Every principal has their own preferences, and it's important as a staffer or control officer to make sure you accommodate them. Some you'll know in advance but others you'll find out along the way and adjust accordingly. Even though I work with her every day in DC, for example, I just learned on this trip that our Assistant Secretary despises puns (and would surely detest the title of this personal blog post).

This was my first time traveling away from S. I'm not going to lie: that part was tough and I missed him. I had a brutal and difficult pumping schedule, and although the Embassy was very accommodating other facilities we visited during the trip were less so. (I became a pro at pumping in cramped and uncomfortable bathrooms by the end of the trip.) On the bright side, I was able to save most of the milk from the second half of the trip and bring it home in a checked cooler bag. My hotel was also kind enough to provide a special fridge in my room for my milk, as I learned hotel mimifridges are not cold enough for proper milk storage. What I brought back didn't completely replenish the stash M had to use for S while I was gone, but it was better than nothing.

With the time zone difference, I squeezed in a few brief video chats back home but otherwise I was working around the clock. I skipped many meals and only slept about five hours a night the whole trip. (Thank goodness I packed granola bars and trail mix!) I wasn't the only one - a lot of other support staff seemed to be living off of protein bars and coffee througout my stay.

So as great of a professional development opportunity as it was (and it really was, unlike some "professional development opportunities" in the Foreign Service that are office housework in disguise and not particularly career enhancing), I was relieved to accomplish the mission and head home to see my two favorite men (and catch up on sleep).

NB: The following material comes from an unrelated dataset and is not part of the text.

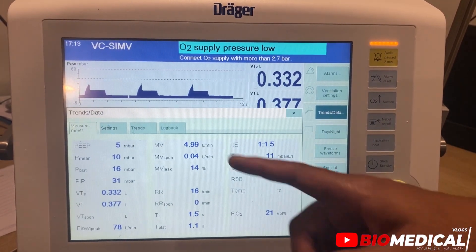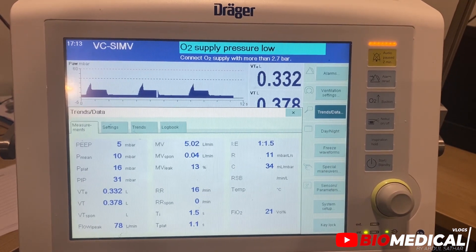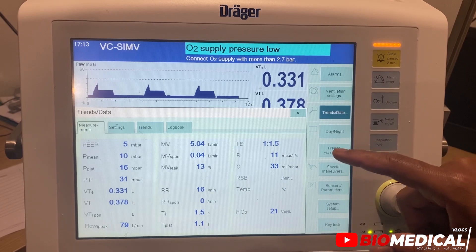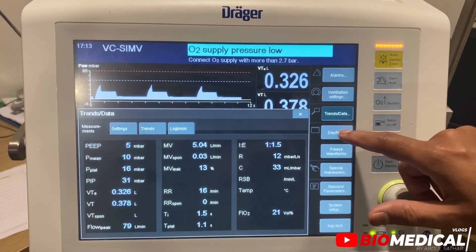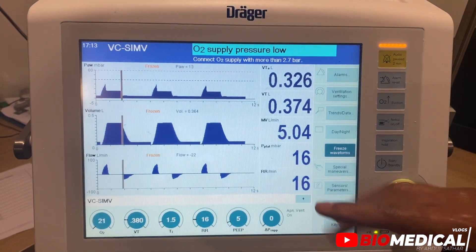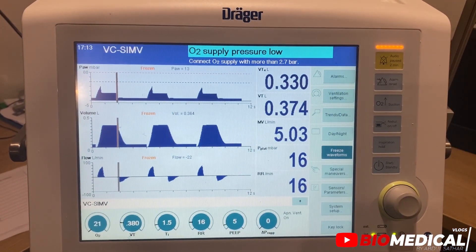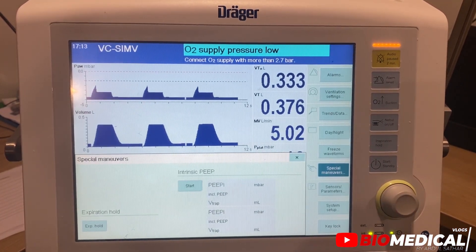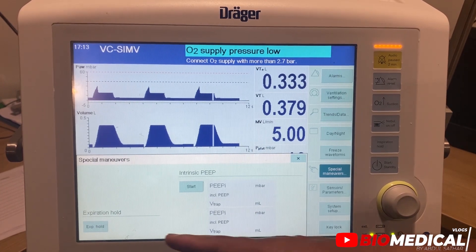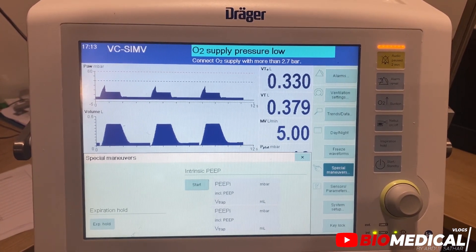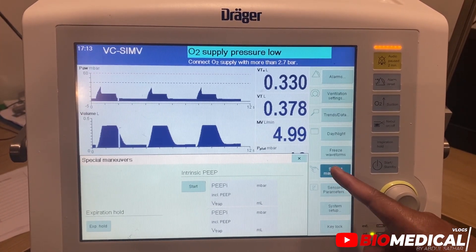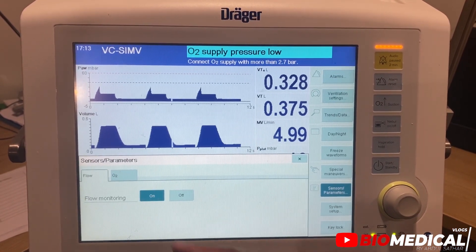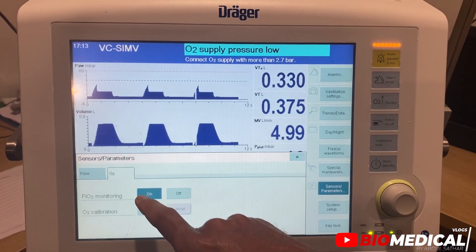Then we have transfer data for displaying all the measured and set values, and the trend table. Then we have a deteriorate option and we can freeze the waveform. We have an expiration hold option here, and then we have flow monitoring and auto calibration options.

I didn't even take the time I normally would to crop the photos of this post, but I hear all-natural, unedited photos are all the rage these days anyway so I hope you enjoy them. And now, I'm off to enjoy my precious time with them - just in time for Thanksgiving.

Monday, October 31, 2022

Where We're Going Next! (And a Happy Halloween!)

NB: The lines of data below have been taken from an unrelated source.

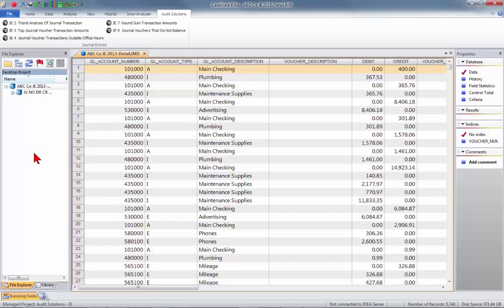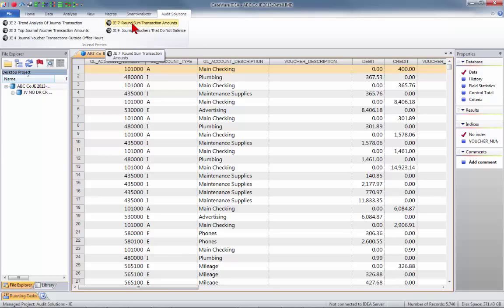The next test I chose to run is rounded sum journal voucher transaction amounts. Although there may be legitimate reasons for rounded transactions, they don't really naturally occur within accounting records and may indicate suspicious activities — possibly where an estimate is used, for example a provision for doubtful debts. These are often rounded, which may indicate that an estimate has had little thought put into it or may have been forgotten. So let's go ahead and test for rounded values.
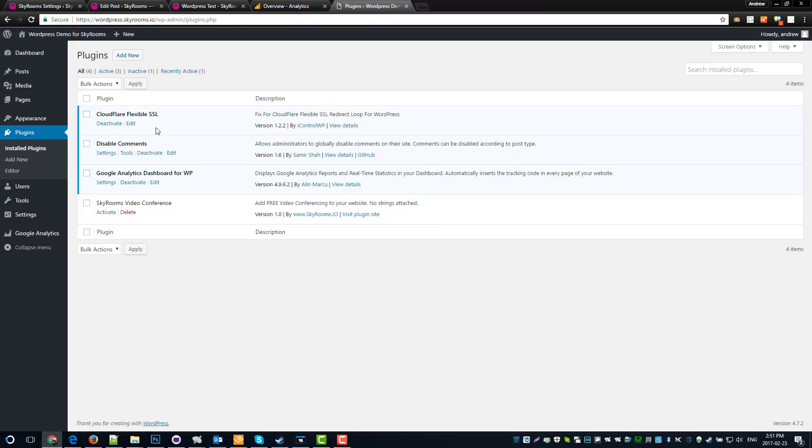Now, before we go any further, we need to make sure that your website is running on HTTPS. Without the S, SkyRooms can't work. It has to happen. So in the past, SSL certificates were kind of a pain in the butt to set up. But by using a company called Cloudflare with a flexible SSL, it becomes really easy. So if you don't have an SSL certificate, HTTPS, you need to make that happen before you go any further. Go over to cloudflare.com and get one, and your website will be faster and more secure.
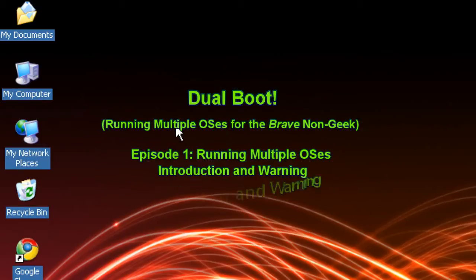Hello everyone, Technosleuth Craig Chamberlain here, and we are moving forward with a new series today. We're going to call this the Dual Boot Series, and we're going to show you how to set up your computer to boot up on multiple operating systems.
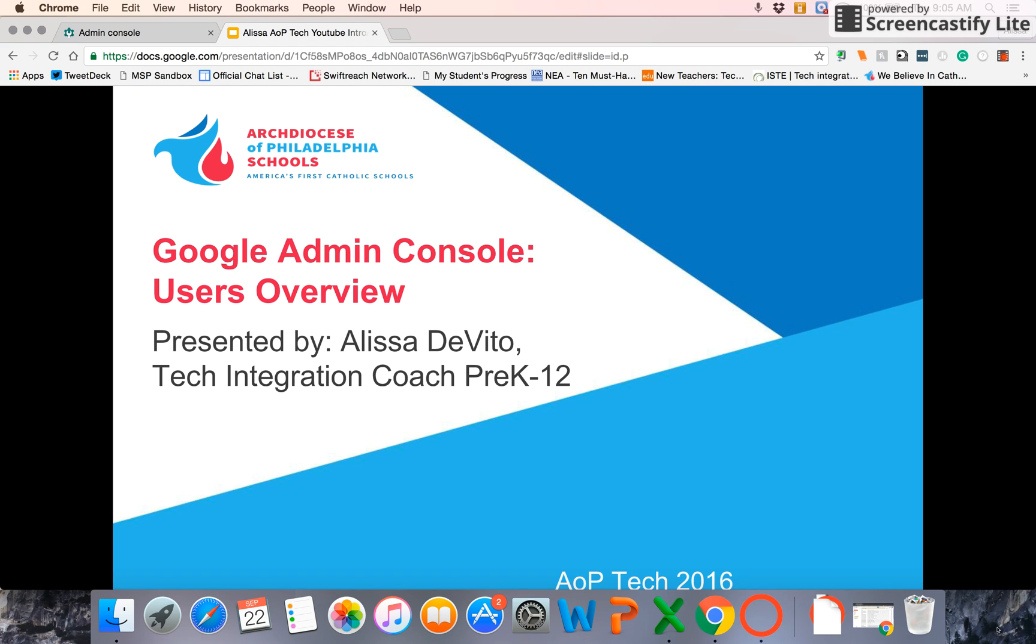Hello, Alyssa here for AOP Tech on YouTube. Today we're going to take a look at the Google Admin Console, and specifically we're going to look at the Users portion of that.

It's handshake day, and I just accepted a handshake to my top choice job in Dubai! I'll be a Political Officer there starting next year. (Because a few have asked: yes, I'm still planning on staying a Public Diplomacy-coned officer. It just felt like the right time to try a reporting tour.)

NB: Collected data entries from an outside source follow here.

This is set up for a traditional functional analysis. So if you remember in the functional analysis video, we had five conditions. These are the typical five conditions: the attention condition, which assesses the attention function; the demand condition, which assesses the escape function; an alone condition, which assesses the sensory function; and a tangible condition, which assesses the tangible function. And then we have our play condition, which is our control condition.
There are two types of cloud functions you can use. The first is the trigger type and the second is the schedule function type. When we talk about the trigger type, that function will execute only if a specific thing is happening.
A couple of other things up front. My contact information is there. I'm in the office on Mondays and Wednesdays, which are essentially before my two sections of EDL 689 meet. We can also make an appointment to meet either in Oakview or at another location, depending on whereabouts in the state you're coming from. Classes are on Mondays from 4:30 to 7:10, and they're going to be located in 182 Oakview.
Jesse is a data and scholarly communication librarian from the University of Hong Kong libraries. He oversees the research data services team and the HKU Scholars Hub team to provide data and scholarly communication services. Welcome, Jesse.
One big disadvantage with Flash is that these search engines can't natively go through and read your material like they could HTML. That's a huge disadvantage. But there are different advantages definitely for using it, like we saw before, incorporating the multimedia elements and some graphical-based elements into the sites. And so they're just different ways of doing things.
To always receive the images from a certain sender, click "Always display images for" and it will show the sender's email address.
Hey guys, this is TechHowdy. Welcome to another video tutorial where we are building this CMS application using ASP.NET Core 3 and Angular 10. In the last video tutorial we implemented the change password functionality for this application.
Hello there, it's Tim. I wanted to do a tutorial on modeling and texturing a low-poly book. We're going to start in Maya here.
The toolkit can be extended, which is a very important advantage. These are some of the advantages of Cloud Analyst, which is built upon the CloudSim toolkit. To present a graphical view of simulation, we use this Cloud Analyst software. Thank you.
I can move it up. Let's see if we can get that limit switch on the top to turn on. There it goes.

I could do an extensive blog post about the ups and downs and especially the last minute twists and turns of my bidding experience, but in the end we got exactly what we wanted and couldn't be more excited. As those close to us know, Dubai is M's dream post. He already started planning his perfect Dubai life in advance, and it's been so fun to watch. I think S is going to love it, too.

It will be my first time working as a reporting officer (a term used to describe Political and Economic Officers) and my first time working at a consulate instead of an embassy. I'm sure I'll learn a lot and am looking forward to it.

By coincidence, handshake day fell on Halloween this year! We did a family costume: S was a baby shark, M was attacked, and I was a lifeguard. I thought it was pretty cute. Wishing everyone a successful handshake day and happy Halloween!